Это какие же разрушения в активной зоне должны были произойти для деформации каналов СУЗ? И чтобы никаких сигналов не было ни по реакторному пространству, ни по контуру СУЗ?
Не удосужились даже посмотреть, что большая часть из указанных каналов – это УСП, которые по алгоритму при срабатывании АЗ неподвижны.
Кто может утверждать, что на указателях положения стержней остались верные показания, когда кабели рвались под напряжением и потом всё обесточилось?

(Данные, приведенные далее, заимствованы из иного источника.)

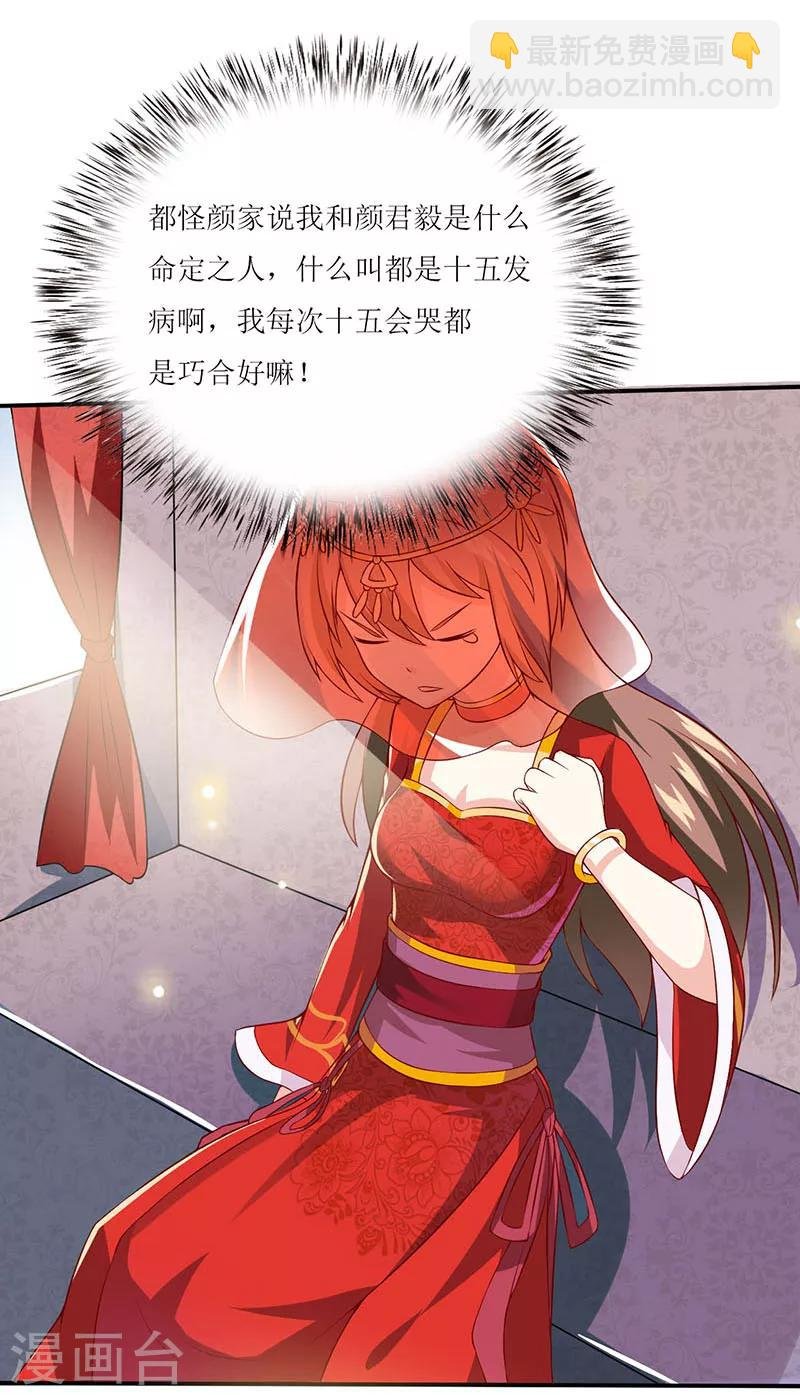 第2话 被迫出嫁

Умело используется обвинителями персонала распечатка положения стержней СУЗ. Помните по Медведеву – Акимов быстро посмотрел по распечатке развитие процесса – ну, это «развесистая клюква». Другие делают более квалифицированно. Блочная вычислительная машина периодически записывает параметры, в том числе и положение стержней, и по программе подсчитывает ОЗР. После 01 ч 22 мин 30 с расчёт запаса для этого положения машина сделать не успела до аварии, его сделали на Смоленской АЭС и запас оказался 6…8 стержней. Нарушение Регламента. В это время запас был самым малым, так как расход теплоносителя был максимальным, и для поддержания уровня в барабан-сепараторе оператор увеличил расход питательной воды, что на этой мощности привело к схлопыванию пара в активной зоне– Уже через минуту запас был порядка 12 стержней, а может и больше.

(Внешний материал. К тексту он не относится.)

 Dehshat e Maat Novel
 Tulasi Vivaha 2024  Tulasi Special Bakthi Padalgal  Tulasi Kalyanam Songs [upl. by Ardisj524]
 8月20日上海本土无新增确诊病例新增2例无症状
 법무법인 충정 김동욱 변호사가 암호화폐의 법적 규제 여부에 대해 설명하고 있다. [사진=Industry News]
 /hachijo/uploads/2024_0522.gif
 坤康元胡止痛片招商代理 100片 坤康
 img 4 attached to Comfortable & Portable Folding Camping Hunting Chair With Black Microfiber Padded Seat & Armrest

Учитывая незнание людьми фактических обстоятельств, обвинители говорят – персонал знал о нарушении, сознательно игнорировал показание и продолжал работать. Давайте разберёмся -предположим, распечатка положения стержней на 03 ч 22 мин 30 с была сделана. Нужно было её срезать с телетайпа, зарегистрировать в журнале, оператору ЭВМ принести на БЩУ метров за пятьдесят и вручить оператору. Никто, конечно, не бегал. Оператору ЭВМ распечатка эта вообще ничего не говорит. К началу эксперимента по «Программе выбега ТТ» в 01 ч 23 мин 04 с на щите распечатки быть не могло. Пусть она появилась через минуту, в 23 мин 30 с. Посмотрел оператор реактора или начальник смены блока. Плохо. Согласно Регламенту нужно либо привести параметр в норму (невозможно), либо сбросить АЗ. Защита сброшена в 01 ч 23 мин 40 с – произошёл взрыв. Но последний абзац написан только для показа явной недобросовестности людей технически грамотных, знавших конкретно и блок, и обстоятельства. Такие распечатки персонал не брал, по ним нельзя установить запас реактивности – оператор не вычислительная машина. Мы брали распечатки с подсчитанным машиной запасом.